Last year, China and India each produced more coal-powered energy than the United States, which has not built a new coal plant in the past decade, IER reports. Currently, China uses nine times as much coal as the United States.
“While western nations are spending time and money to remake their entire energy systems to comply with climate policies,” the IER stated, “the two most populous countries—China and India—are busy building more coal plants to guarantee affordable and reliable energy to their people and businesses for decades to come.”
China remained the largest consumer of coal energy by far, accounting for 56 percent of the world’s coal consumption.
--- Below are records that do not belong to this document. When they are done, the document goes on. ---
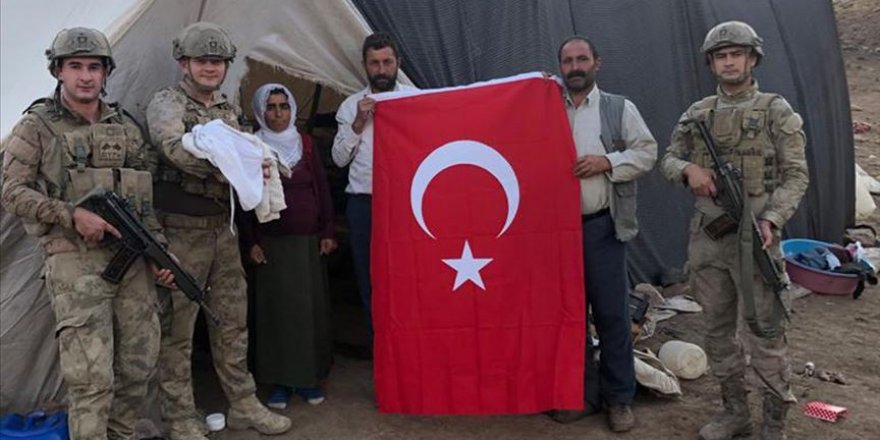 Jandarma uydu telefonu üzerinden aldığı doktor talimatlarıyla hamile kadına doğum yaptırdı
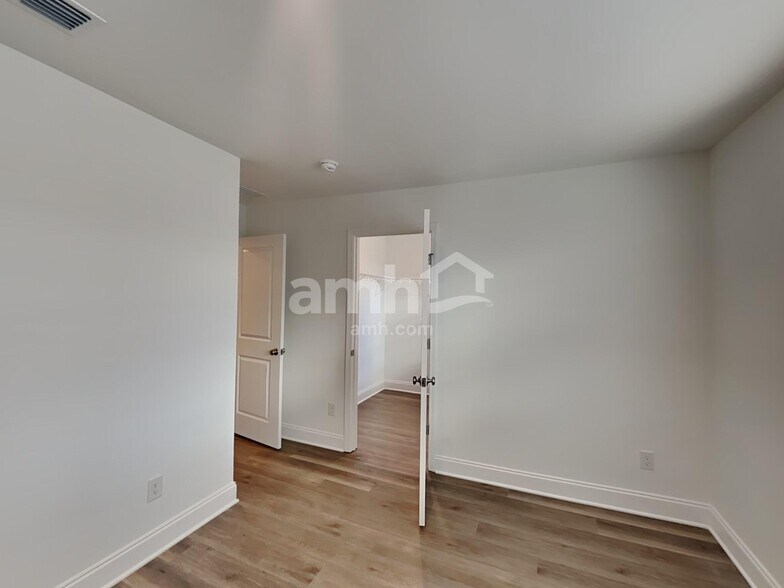 Building Photo - 115 Broadmoor Dr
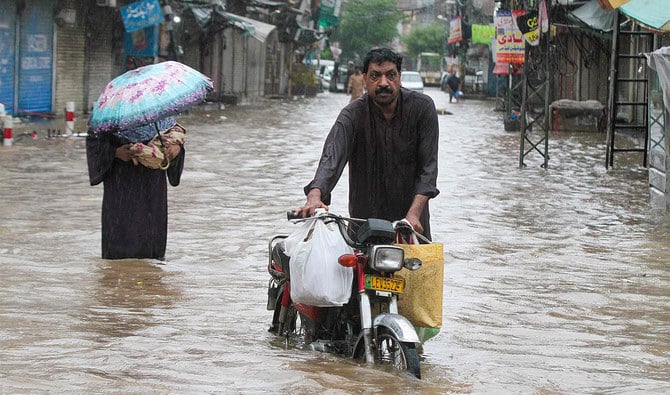 گجرات میں 577 ملی میٹر ریکارڈ بارش، تباہی مچ گئی، اسکول بند اور عمارت گر گئی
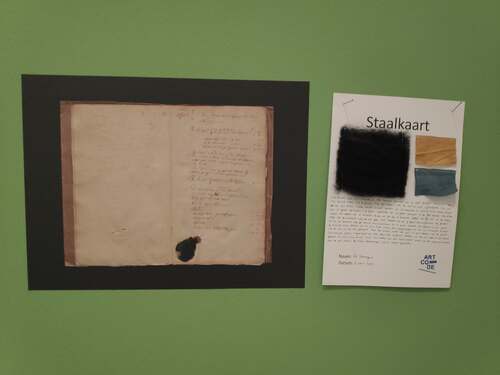 Foto van een verfrecept uit een oud receptenboek met daarnaast een staalkaar van een vrijwilliger die het recept heeft uitgeprobeerd anno 2022. Foto Erfgoed Brabant.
India stepped up to second place in this category, consuming more coal in 2023 than North America and Europe combined for the first time.
The use of coal declined in North America and Europe, with a 10-year-old trend of aggressively retiring coal-fired power generation plants as these regions attempt to transition to dependence on intermittent wind and solar energy. This transition continues despite
warnings from U.S. energy regulators that this will lead to blackouts and grid instability, as wind and solar depend on the weather while coal plants can be ramped up and down as needed.
Natural Gas
Production and consumption of natural gas was flat from 2022. The United States maintained its position as the world’s largest supplier, producing about 25 percent of the total, and overtaking Qatar as the biggest exporter of liquid natural gas (LNG).
As with other energy sources, a decline in consumption of LNG in Europe was offset by growing demand in China, India and other Asian countries.
Wind and Solar
Wind and solar energy grew 67 percent, in terms of capacity, from 2022. China led the way, accounting for two-thirds of new wind capacity, matching the combined capacity of Europe and North America. Capacity does not necessarily match output, however, because the capacity factor, which measures the percentage of capacity that is typically used to produce electricity, is significantly lower for wind and solar, given their dependence on weather.
The U.S. Energy Department says the
capacity factor for wind and solar is 35 and 25 percent, respectively, compared to 49 percent for coal, 54 percent for natural gas and 93 percent for nuclear. However, the capacity factor for wind and solar is artificially boosted, even from these low levels, because utilities often prioritize purchasing from wind and solar plants when they are able to produce, leaving other sources idle.
The price of essential minerals for wind, solar and batteries fell by an average of 26 percent in 2023, led by declines in cobalt. Three-quarters of the world’s cobalt is mined in Africa, mostly from strip mines in the Democratic Republic of Congo, often under toxic and unsafe conditions for miners.
Growing Dependence on China
In addition to its
controlling role in the mining of many key minerals, including cobalt and lithium, China has a virtual stranglehold on the refining of minerals essential for solar panels, wind turbines and batteries.
A
2022 report by the left-leaning Brookings Institution stated that “China currently controls most global critical minerals refining, and its upstream control of raw commodities is also increasing.”
In addition, authors Rodrigo Castillo and Caitlin Purdy wrote, China dominates worldwide manufacturing of EV batteries, wind turbines, solar panels, energy storage, and electric transmission.
“As things stand, the world is highly dependent on sourcing from China to advance the energy transition and meet decarbonization goals,” the authors stated.